如何通过编程方式提取GitHub Issues？含已知Git日志提取方法的问询

阿华AIGC实验室

2026-5-21

Hey there! Glad you've got the Git log extraction workflow sorted—let's dive into your GitHub Issues extraction questions next. Here's how to handle both tasks effectively:

1. 编程方式提取GitHub Issues

The easiest way to do this programmatically is by using the GitHub API, and for Python developers, the PyGitHub library simplifies this a lot (no need to mess with raw HTTP request formatting). Here's a step-by-step breakdown:

First, install the library:
```
pip install pygithub
```
Next, create a GitHub Personal Access Token (PAT) with repo permissions (this lets you access private repos if needed, and bypasses stricter rate limits than unauthenticated requests).

Then, use this code snippet to fetch issues and export them to a CSV:

from github import Github
import csv

# Initialize with your PAT
g = Github("YOUR_GITHUB_PAT")
repo = g.get_repo("OWNER/REPO_NAME")  # Replace with your repo path (e.g., "opencv/opencv")

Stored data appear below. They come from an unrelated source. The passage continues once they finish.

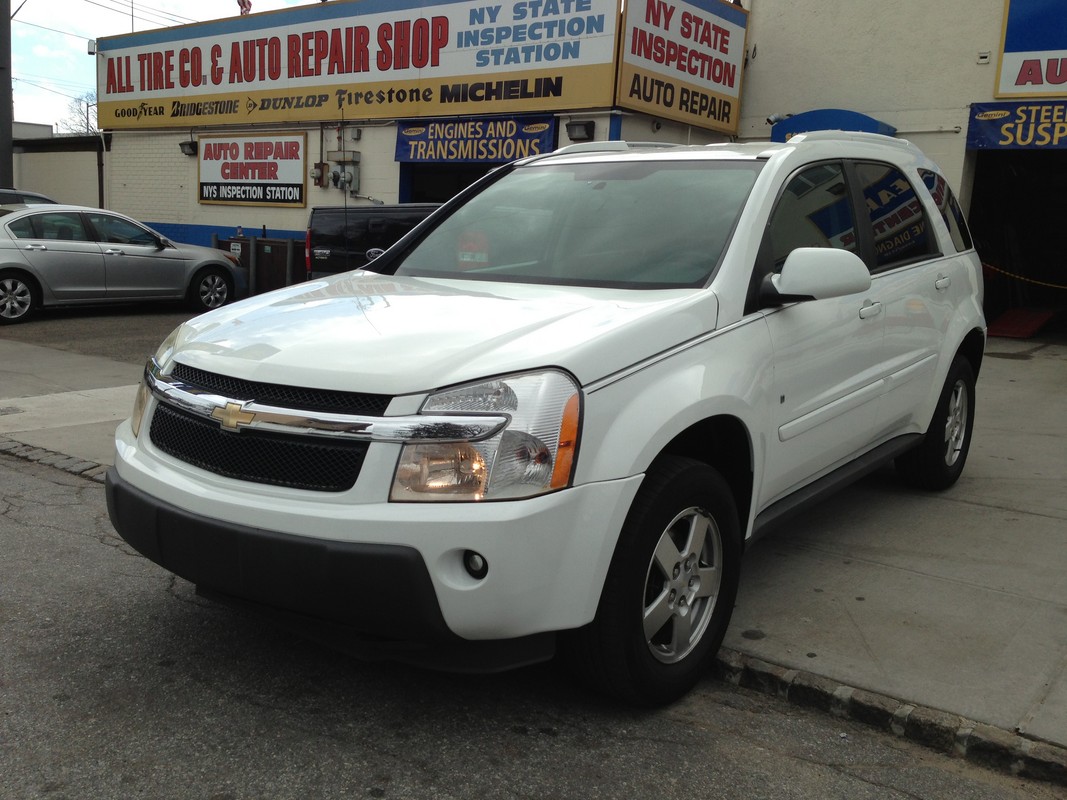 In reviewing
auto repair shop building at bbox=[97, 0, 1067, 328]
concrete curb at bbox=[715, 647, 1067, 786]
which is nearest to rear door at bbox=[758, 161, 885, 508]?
concrete curb at bbox=[715, 647, 1067, 786]

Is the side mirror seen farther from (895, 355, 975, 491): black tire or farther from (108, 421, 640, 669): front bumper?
(895, 355, 975, 491): black tire

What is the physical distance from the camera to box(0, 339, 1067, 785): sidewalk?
10.3 feet

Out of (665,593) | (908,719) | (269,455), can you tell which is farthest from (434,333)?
(908,719)

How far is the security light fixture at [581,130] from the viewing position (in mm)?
13359

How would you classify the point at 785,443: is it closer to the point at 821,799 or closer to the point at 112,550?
the point at 821,799

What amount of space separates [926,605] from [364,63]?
14194 millimetres

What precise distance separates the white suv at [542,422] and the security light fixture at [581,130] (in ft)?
30.4

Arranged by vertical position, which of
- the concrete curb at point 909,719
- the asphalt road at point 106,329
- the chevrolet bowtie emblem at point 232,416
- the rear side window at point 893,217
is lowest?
the asphalt road at point 106,329

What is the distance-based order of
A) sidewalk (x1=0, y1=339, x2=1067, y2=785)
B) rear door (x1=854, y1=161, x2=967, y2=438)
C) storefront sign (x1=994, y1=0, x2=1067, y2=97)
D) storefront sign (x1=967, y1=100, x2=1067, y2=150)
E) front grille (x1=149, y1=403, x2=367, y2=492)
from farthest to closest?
1. storefront sign (x1=967, y1=100, x2=1067, y2=150)
2. storefront sign (x1=994, y1=0, x2=1067, y2=97)
3. rear door (x1=854, y1=161, x2=967, y2=438)
4. sidewalk (x1=0, y1=339, x2=1067, y2=785)
5. front grille (x1=149, y1=403, x2=367, y2=492)

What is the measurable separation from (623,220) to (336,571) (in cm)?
194

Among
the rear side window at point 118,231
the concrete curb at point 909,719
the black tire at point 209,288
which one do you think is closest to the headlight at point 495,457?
the concrete curb at point 909,719

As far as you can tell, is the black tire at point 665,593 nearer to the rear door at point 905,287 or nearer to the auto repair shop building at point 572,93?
the rear door at point 905,287

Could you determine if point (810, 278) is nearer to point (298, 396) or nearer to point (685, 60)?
point (298, 396)

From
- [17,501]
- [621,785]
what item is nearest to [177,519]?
[621,785] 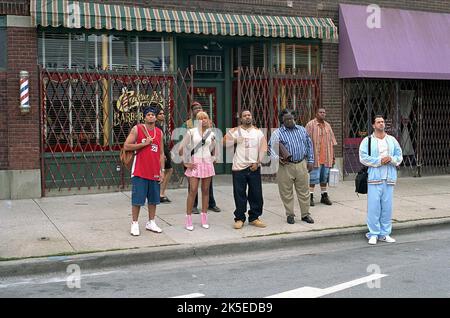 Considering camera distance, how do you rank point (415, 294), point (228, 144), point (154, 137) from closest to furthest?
point (415, 294), point (154, 137), point (228, 144)

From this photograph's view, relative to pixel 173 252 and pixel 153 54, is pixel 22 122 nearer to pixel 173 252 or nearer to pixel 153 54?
pixel 153 54

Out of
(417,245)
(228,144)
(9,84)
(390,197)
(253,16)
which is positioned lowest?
(417,245)

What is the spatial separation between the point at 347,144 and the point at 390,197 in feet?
19.8

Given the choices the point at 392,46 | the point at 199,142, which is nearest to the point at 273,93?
the point at 392,46

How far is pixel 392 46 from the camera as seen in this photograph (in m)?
14.1

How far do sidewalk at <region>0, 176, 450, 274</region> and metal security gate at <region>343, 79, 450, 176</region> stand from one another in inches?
94.7

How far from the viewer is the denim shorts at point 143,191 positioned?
8.32m

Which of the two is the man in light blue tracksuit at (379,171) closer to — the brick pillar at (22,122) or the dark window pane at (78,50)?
the dark window pane at (78,50)

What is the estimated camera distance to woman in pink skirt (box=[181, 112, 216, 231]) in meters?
8.80

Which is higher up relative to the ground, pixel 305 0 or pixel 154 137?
pixel 305 0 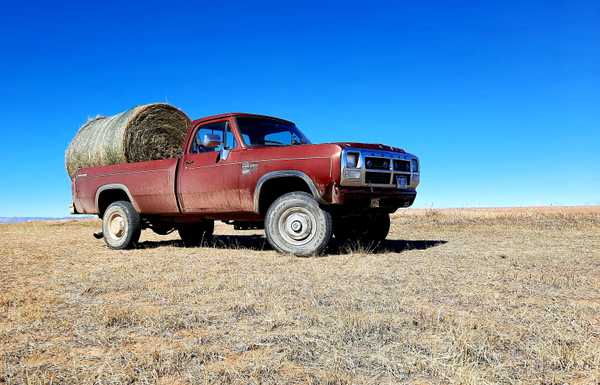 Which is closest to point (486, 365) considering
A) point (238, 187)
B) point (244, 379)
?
point (244, 379)

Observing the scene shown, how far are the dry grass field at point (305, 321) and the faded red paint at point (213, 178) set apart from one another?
122 centimetres

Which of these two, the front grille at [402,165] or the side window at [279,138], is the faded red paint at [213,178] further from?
the side window at [279,138]

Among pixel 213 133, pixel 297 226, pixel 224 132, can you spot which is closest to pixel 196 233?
pixel 213 133

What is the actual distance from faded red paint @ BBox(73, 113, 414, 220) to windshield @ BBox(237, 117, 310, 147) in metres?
0.18

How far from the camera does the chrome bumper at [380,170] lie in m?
6.21

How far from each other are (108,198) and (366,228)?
4884 mm

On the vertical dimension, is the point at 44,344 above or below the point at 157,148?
below

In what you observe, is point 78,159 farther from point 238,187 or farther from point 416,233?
point 416,233

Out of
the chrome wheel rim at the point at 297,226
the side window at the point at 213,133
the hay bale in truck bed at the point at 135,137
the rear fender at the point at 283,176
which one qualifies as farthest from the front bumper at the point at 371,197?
the hay bale in truck bed at the point at 135,137

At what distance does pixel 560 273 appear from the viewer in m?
4.93

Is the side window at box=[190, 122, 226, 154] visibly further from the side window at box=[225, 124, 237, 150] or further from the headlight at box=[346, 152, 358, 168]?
the headlight at box=[346, 152, 358, 168]

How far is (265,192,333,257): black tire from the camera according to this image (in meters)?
6.44

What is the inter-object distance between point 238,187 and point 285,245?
3.72 feet

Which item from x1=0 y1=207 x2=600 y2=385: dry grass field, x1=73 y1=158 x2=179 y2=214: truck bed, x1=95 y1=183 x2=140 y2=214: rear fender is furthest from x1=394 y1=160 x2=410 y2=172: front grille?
x1=95 y1=183 x2=140 y2=214: rear fender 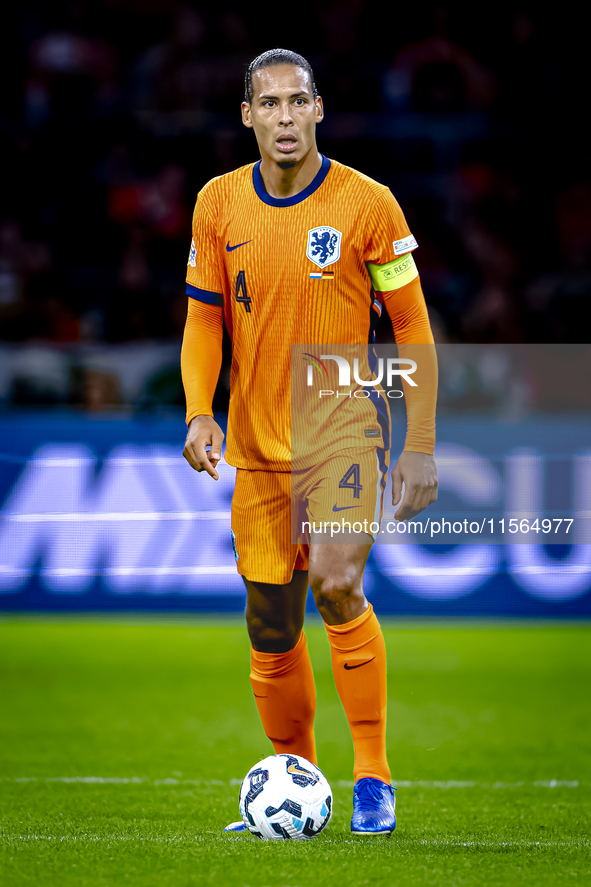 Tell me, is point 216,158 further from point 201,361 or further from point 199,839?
point 199,839

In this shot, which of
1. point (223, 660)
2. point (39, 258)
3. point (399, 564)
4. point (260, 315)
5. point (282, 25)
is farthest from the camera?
point (282, 25)

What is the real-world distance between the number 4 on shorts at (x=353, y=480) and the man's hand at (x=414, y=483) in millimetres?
99

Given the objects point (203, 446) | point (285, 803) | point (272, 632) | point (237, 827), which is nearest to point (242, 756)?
point (237, 827)

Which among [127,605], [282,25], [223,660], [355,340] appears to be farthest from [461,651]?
[282,25]

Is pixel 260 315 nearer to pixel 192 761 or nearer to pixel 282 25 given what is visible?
pixel 192 761

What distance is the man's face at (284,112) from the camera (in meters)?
3.20

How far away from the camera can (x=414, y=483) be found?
124 inches

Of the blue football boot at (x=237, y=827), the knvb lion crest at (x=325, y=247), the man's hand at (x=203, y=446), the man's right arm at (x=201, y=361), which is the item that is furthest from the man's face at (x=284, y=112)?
the blue football boot at (x=237, y=827)

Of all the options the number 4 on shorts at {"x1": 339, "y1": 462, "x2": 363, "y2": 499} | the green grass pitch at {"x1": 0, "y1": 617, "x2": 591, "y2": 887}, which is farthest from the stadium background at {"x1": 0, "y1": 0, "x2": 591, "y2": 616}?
the number 4 on shorts at {"x1": 339, "y1": 462, "x2": 363, "y2": 499}

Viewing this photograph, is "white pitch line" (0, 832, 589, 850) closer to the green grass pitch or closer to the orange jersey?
the green grass pitch

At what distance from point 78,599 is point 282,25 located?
5.36 metres

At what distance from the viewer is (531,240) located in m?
8.73

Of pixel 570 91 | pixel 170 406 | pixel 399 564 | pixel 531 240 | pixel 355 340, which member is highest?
pixel 570 91

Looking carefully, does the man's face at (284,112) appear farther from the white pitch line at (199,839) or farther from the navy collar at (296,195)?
the white pitch line at (199,839) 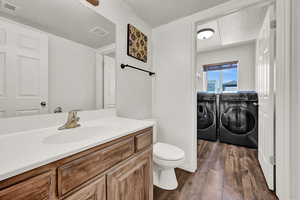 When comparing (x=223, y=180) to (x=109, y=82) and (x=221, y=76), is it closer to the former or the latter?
(x=109, y=82)

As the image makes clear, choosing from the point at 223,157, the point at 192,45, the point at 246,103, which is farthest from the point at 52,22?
the point at 246,103

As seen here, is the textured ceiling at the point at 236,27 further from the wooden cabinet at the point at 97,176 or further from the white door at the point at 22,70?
the white door at the point at 22,70

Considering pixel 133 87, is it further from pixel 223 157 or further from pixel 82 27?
pixel 223 157

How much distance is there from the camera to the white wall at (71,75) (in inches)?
38.4

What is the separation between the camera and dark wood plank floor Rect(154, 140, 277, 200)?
1.36 m

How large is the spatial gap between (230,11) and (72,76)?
2.00m

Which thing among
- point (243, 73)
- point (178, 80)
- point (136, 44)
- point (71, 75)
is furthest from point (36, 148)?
point (243, 73)

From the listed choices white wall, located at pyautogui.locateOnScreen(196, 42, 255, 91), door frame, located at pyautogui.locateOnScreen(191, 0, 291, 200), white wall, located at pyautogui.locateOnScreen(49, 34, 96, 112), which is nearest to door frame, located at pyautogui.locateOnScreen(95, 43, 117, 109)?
white wall, located at pyautogui.locateOnScreen(49, 34, 96, 112)

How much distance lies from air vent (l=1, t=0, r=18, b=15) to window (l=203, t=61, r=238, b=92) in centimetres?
415

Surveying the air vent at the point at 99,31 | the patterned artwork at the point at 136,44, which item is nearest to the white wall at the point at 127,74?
the patterned artwork at the point at 136,44

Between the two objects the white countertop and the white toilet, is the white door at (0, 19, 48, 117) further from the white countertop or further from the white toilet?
the white toilet

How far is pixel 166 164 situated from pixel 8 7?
1.80 meters

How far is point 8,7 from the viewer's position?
0.78 metres

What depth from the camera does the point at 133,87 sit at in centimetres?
177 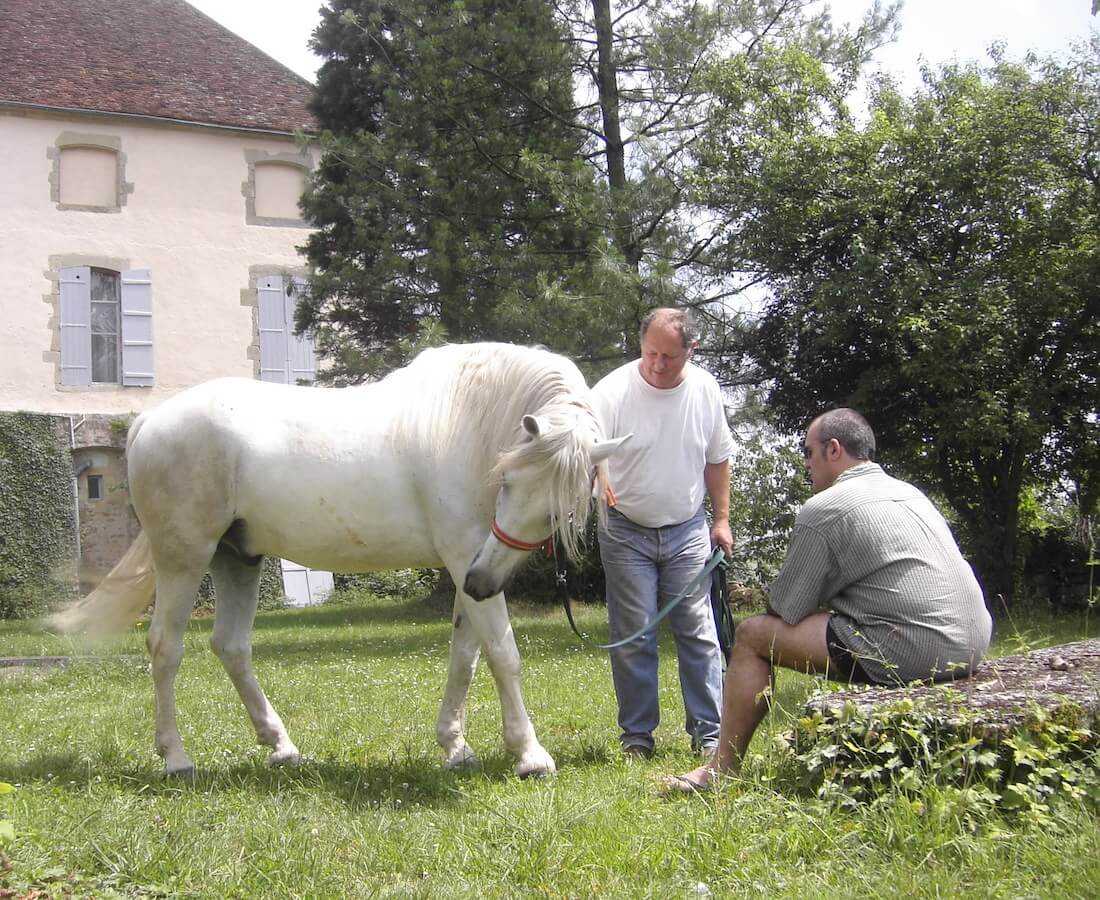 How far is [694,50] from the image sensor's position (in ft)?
47.1

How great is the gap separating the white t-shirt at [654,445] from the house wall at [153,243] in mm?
16620

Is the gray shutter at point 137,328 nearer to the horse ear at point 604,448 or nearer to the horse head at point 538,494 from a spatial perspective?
the horse head at point 538,494

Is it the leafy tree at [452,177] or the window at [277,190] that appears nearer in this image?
the leafy tree at [452,177]

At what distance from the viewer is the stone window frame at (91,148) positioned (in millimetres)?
20422

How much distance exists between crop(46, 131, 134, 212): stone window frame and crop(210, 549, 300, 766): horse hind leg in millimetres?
17472

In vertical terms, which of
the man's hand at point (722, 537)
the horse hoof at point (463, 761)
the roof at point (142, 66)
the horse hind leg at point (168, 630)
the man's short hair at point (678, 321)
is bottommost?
the horse hoof at point (463, 761)

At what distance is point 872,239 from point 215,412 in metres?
10.5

# Open a CSV file to write
with open("GitHub_Issues.csv", "w", newline="", encoding="utf-8") as csvfile:
    fieldnames = ["Issue_Number", "Title", "Creator_Name", "Creator_Email", "Created_Date", "State", "Description"]
    writer = csv.DictWriter(csvfile, fieldnames=fieldnames)
    writer.writeheader()

    # Fetch all issues (adjust state to "open" or "closed" if you don't want all)
    for issue in repo.get_issues(state="all"):
        # Skip pull requests (since GitHub counts PRs as issues)
        if not issue.pull_request:
            writer.writerow({
                "Issue_Number": issue.number,
                "Title": issue.title,
                "Creator_Name": issue.user.name,
                "Creator_Email": issue.user.email,
                "Created_Date": issue.created_at.strftime("%Y-%m-%d %H:%M:%S"),
                "State": issue.state,
                "Description": issue.body.replace("\n", " ") if issue.body else ""
            })

Note: If you don't want to use PyGitHub, you can send direct GET requests to the GitHub API endpoint using libraries like requests, but you'll need to handle pagination and authentication manually.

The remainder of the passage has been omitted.